I have got complete confidence in CSTs so I let Resolve manage mine behind the scene by using Davinci YRGB Color Managed colour science. Resolve will interpret from the footage which input CSTs to be applying, 99/100 it guesses correctly on the odd occasion just use the Input Color Space setting to select the correct colour space. Resolve applies the output CST based on your output colour space setting in the Project/Timeline colour management settings at the end of your node chain, that includes the Timeline Node space if you use that for a look across the whole timeline.

Just letting Resolve do thing donkey work means files arrive in a pleasing place to start grading, in Sam's example above the CST is a much more pleasing place to start and closer to where we'd want the image to be before adding looks over the top. It's also ready for air in a quick turnaround situation.

For those new to CSTs they are 32 bit floating point math functions rather than a tabular list of discrete values as in LUTs. If you do use Look LUTs and it's has been designed to work with a different camera space or different colour space than you are working in then you can use a CST sandwich to convert to the LUT space then switch back to your working colour space.
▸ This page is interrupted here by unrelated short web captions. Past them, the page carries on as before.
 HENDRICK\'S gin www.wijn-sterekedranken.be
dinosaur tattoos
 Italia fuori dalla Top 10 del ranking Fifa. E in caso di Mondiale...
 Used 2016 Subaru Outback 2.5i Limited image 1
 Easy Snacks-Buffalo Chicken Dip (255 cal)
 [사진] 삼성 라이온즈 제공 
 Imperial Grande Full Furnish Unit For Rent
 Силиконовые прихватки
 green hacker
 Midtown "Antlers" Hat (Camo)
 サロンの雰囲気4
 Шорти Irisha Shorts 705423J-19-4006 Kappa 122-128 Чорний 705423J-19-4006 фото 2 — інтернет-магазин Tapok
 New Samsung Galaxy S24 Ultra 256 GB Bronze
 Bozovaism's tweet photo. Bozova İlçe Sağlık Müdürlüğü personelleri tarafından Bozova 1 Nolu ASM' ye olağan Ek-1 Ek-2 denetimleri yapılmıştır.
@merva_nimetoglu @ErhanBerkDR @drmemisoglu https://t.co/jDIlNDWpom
For example if you've changed your camera but had some favourite LUTs you used with the old camera it's a trivial process to get those LUTs working again with CSTs.
 
I'm a CST convert (pun intended!) and using Wide Gamuts for grading (like DWG or ACES). LUTS for me are now in the "creative" space only. Such an LUT example would be Cullen Kelly's Kodak 2383 print stock for ACES or DWG - Kodak FPE Freebie (procolor.ist)
 
I'm a CST convert (pun intended!) and using Wide Gamuts for grading (like DWG or ACES). LUTS for me are now in the "creative" space only. Such an LUT example would be Cullen Kelly's Kodak 2383 print stock for ACES or DWG - Kodak FPE Freebie (procolor.ist)

DWG has been life changing and Cullen's 2383 is the best example I've come across. 2383 is getting a bit overused as a look but mixing it in at 20%-30% tames a lot of the digital look of modern cameras quickly and easily.
 
So I made a bad video this morning.. and CST has become my my goto - so thanks Ambi who has pushed me that way.
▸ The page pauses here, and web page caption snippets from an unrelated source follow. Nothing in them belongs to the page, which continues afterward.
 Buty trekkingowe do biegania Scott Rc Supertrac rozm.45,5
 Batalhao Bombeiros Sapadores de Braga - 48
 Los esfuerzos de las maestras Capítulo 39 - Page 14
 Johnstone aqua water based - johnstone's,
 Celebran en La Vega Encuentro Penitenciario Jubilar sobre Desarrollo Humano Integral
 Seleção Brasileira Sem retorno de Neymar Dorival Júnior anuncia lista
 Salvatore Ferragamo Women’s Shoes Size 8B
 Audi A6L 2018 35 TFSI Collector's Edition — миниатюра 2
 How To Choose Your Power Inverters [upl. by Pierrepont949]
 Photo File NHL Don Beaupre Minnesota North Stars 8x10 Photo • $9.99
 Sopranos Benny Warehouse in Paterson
I need to test some really bad exposures befre being a full convert.

Maybe I willll BLF (bracket like f..) a test card and then gain more unsderstaing.

And also try with my C200 the camera I use less but care about more

S
 
AMbri made a comment about a red.

With the LUT - Im finding that when I push the sat a little the visual saturation goes wild.

small sat boost..
not much sat -> correct sat
a bit of sat -> way too much sat

I guess that is the tabular mathematics that CST dont rely on.
 
To me the best thing about CST and a Wide Gaumt in resolve is that various input footage is "normalized" automatically into a very neutral look so you can creatively grade to your output format. It's even easy to produce both an HDR and SDR version for example.
 
Yes it is good to normailse - the R6 H265 does not do automatically.
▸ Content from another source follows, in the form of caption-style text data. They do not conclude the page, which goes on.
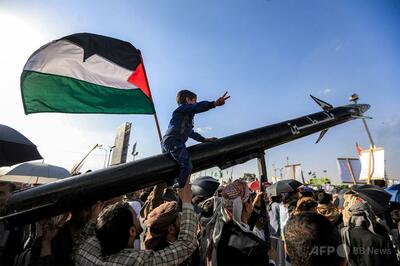 ハマス、人質解放に応じる意向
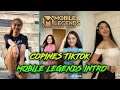 MOBILE LEGENDS X TIKTOK INTRO | TIKTOK LOADING INTRO | ML LOADING INTRO |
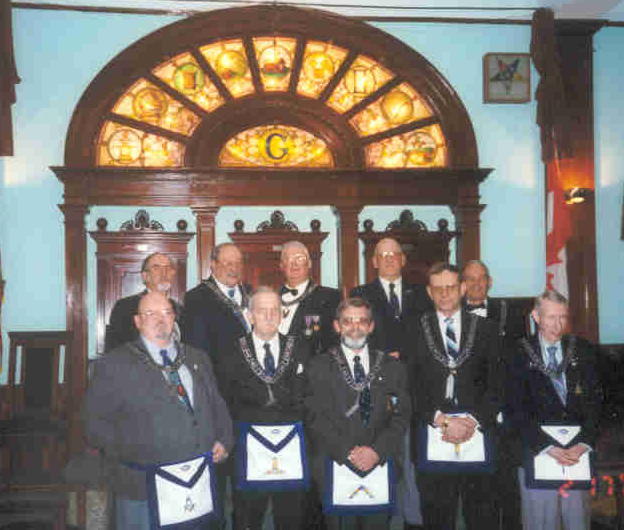 officers 2002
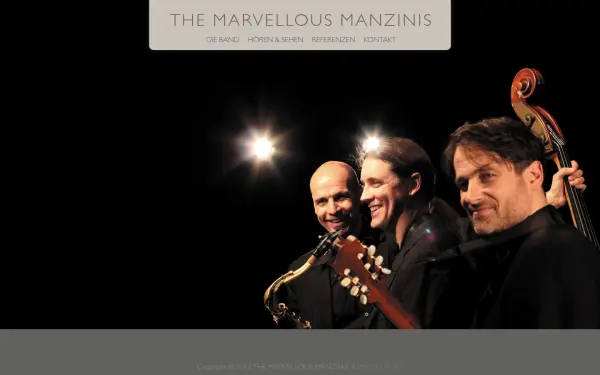 manzinis.de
But if you fill the WFM when shooting (in log) the normailazation process hits the contradiction..

-i must add contrast and sat
-i must not induce clipping

Which means introducing and rolled off 'knee' (putrid) or allowing highs to clip (fine if you can recover them with a secondary)

Coming from stills colour im used to recovering with a secondary (burning the sky)

Its that testing of the extremes that I must do.. unless fold can link to YT or other sources.
 
This is such an obvious concern that any 'tuber that doesnt instantly bring is up is weak. Probably why I shyed away from aces for years.
 
AMbri made a comment about a red.

With the LUT - Im finding that when I push the sat a little the visual saturation goes wild.

small sat boost..
not much sat -> correct sat
a bit of sat -> way too much sat

I guess that is the tabular mathematics that CST dont rely on.

The CST is also probably taming things in the Tone Mapping Method area. The Davinci default setting tempers the worst instincts of the footage usually.
 
Coming from stills colour im used to recovering with a secondary (burning the sky)

I'm shooting a lot of landscape video for a project and the HDR wheels are just perfect for teasing out contrast in the monotonous seas of green of grass land and making a tree canopy appear more 3d. The images have lost contrast in the process of uploading here but you get the idea.

**I deleted the images because they were flattened out by either the forum or the utility I used to recompress them and it was peeing me off that they looked that crap. I suppose this is the wild west of browser colour management.

Looks like the convo has come to a screeching halt anyway so, I'll see you around.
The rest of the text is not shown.